══ Provided records ══

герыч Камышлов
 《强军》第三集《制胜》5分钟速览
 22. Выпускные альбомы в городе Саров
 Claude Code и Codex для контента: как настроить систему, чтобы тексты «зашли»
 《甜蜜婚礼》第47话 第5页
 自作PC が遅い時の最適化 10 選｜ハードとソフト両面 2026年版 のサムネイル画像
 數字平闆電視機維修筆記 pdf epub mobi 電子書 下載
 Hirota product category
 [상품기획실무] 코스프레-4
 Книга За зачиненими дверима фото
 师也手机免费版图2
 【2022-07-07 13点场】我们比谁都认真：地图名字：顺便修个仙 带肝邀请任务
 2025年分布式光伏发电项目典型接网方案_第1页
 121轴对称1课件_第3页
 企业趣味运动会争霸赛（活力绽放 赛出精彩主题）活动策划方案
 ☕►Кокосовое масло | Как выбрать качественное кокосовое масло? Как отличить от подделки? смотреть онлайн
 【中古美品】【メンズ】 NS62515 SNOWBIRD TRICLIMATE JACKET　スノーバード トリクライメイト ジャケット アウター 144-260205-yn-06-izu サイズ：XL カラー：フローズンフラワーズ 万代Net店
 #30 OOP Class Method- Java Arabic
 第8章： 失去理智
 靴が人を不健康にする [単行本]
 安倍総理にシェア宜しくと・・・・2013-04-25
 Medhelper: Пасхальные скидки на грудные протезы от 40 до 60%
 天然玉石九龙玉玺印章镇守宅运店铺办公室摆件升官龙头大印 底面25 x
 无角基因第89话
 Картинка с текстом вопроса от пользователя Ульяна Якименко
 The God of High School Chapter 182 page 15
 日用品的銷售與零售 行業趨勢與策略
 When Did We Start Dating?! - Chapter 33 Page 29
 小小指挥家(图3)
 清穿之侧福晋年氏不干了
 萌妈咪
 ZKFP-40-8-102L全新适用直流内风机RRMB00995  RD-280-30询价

═══

• **What you will do**: Would you filter the entries above and keep each line that has the word "Chapter"?

• **Answer space**:
 The God of High School Chapter 182 page 15
 When Did We Start Dating?! - Chapter 33 Page 29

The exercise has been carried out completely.